Tya Collins a entrepris des études supérieures. Forte d’une vingtaine d’années d’expérience en enseignement et en administration scolaire, elle voulait creuser la question du racisme et de l’expérience des élèves noirs dans les classes spécialisées.  

« Je me suis heurtée à un mur », affirme-t-elle. On lui a déconseillé de parler de race; on l’a plutôt invitée à concentrer sa recherche sur l’immigration et les communautés ethnoculturelles. On lui a fait comprendre, à demi-mot, que le problème du racisme se situait au sud de la frontière, et non au Canada. 

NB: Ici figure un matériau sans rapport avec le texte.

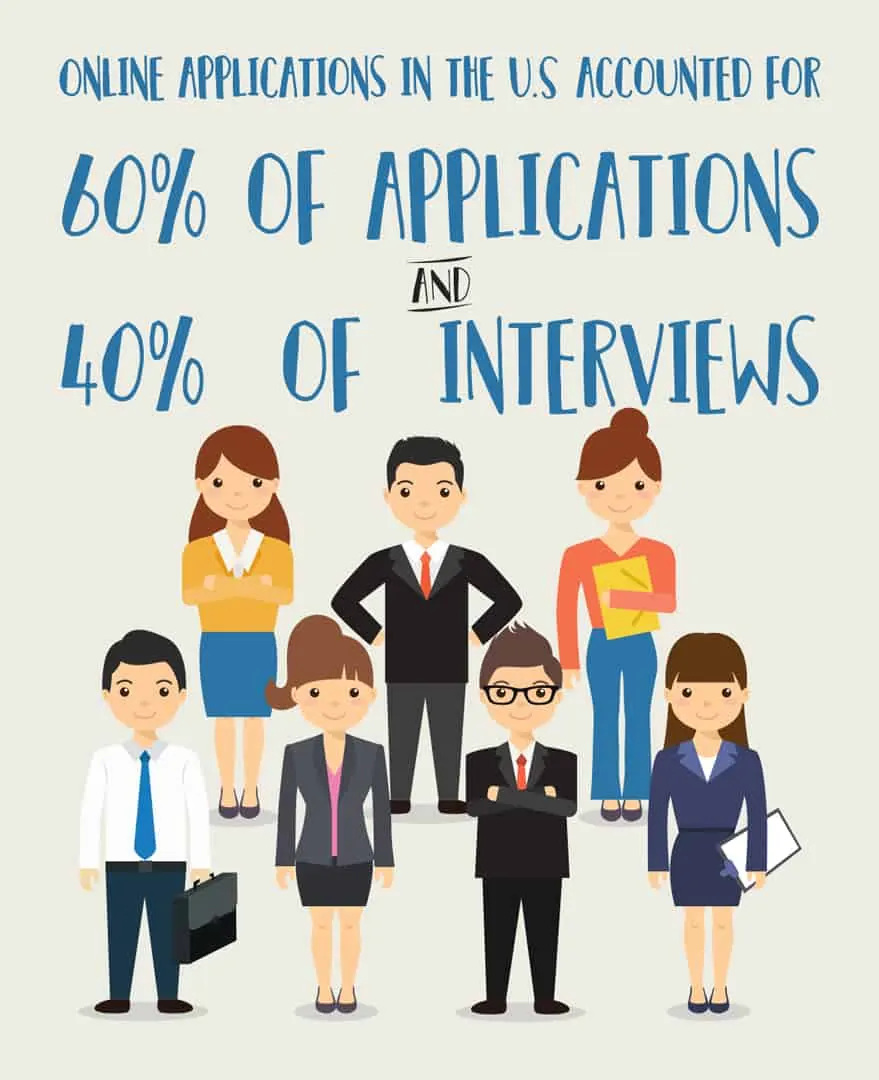 Infographic showing online applications made up most US job applications and interviews.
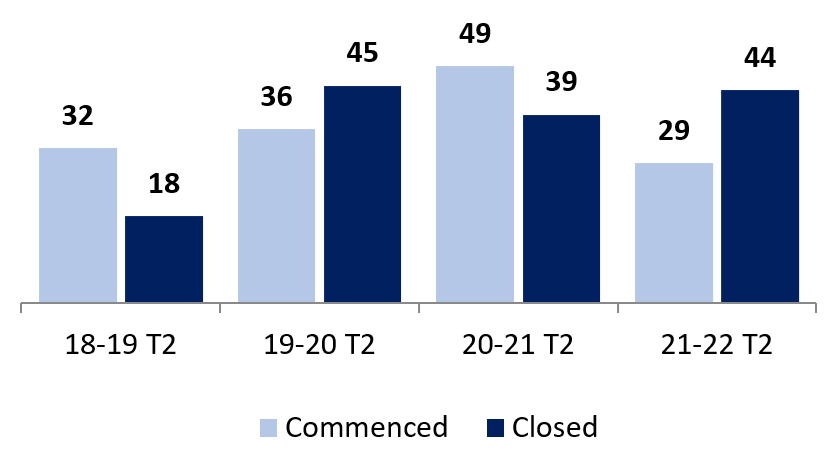 Term 2 Enforcement Cases – 2018-19 to 2021-22 (Non-Merger Enforcement)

« En tant que novice, je n’avais pas les armes pour protester, donc j’ai gardé les rangs. Mais je n’avais pas renié mon point de vue et, à mesure que j’avançais dans le monde de la recherche, je me constituais un arsenal théorique pour défendre mes idées. C’est ainsi que j’ai adopté DisCrit, un cadre interdisciplinaire au carrefour de l’étude de la condition des personnes handicapées et de la théorie critique de la race. »  

Reconnaître le capacitisme

Pour la professeure Collins, DisCrit démontre que les effets combinés du capacitisme (discrimination contre les personnes ayant un handicap) et du racisme creusent les inégalités et perpétuent les injustices en milieu scolaire.  

« Le capacitisme est profondément enraciné dans le vocabulaire que nous utilisons, dans nos processus et nos politiques et dans ce que nous appelons éducation spécialisée ou inclusive; il est latent dans pratiquement toutes les sphères », soutient-elle.  

Dans les politiques pédagogiques, la formation des enseignantes et enseignants et les écoles, on utilise un jargon axé sur les déficits pour parler des différences, par exemple des « problèmes » de comportement et des « troubles » de l’apprentissage.  

« Les mots qu’on emploie pour désigner les différences sont les produits de normes figées, qui tirent leur origine dans des idéologies capacitistes et racistes, dénonce-t-elle. Il fut une époque où on estimait que les personnes handicapées étaient incapables d’apprendre; avant les années 1960, on préférait les placer en institution, dans des conditions inhumaines. Ce modèle d’éducation fondé sur la ségrégation a aussi mené au système de pensionnats. » 

Tya Collins
Éducation

« J'espère apporter un regard neuf sur ces questions pour s’attaquer aux inégalités persistantes. »

Tya Collins, Ph.D.

— Professeure adjointe, Faculté d'éducation

De DisCrit à l’intersectionnalité et au féminisme noir

La recherche de la professeure Collins a pris un tournant majeur lorsqu’elle a commencé à s’intéresser à l’intersectionnalité et au féminisme noir, et plus particulièrement aux travaux d’intellectuelles renommées comme Kimberlé Crenshaw, bell hooks et Audre Lorde. Elle a trouvé auprès de ces auteures la confirmation de sa pensée sur « la façon très subtile et insidieuse dont le racisme antinoir s’est implanté à l’échelle systémique ». Elle cherche notamment à prouver que les élèves noirs subissent une discrimination très distincte et genrée, fondée à la fois sur le handicap et sur la race, dans l’espoir de stimuler le changement dans la politique et la pratique pédagogiques.  

Aujourd’hui, la professeure Collins intègre également le nouveau cadre d’étude du capacitisme et du féminisme noir dans ses travaux sur le parcours des élèves noirs en éducation spécialisée et inclusive. En effet, ce cadre oriente sa réflexion sur les notions du capacitisme et du handicap en tant que facteurs déterminants du racisme et du sexisme antinoirs, et sur les raisons pour lesquelles l’étiquette de « personne handicapée » colle aux membres des communautés noires. Dans ses cours comme dans sa recherche, elle met l’accent sur l’amélioration de la formation initiale et continue du personnel enseignant et sur l’importance d’axer la politique et la gouvernance en éducation sur les besoins des jeunes.  « J'espère apporter un regard neuf sur ces questions pour s’attaquer aux inégalités persistantes » dit-elle.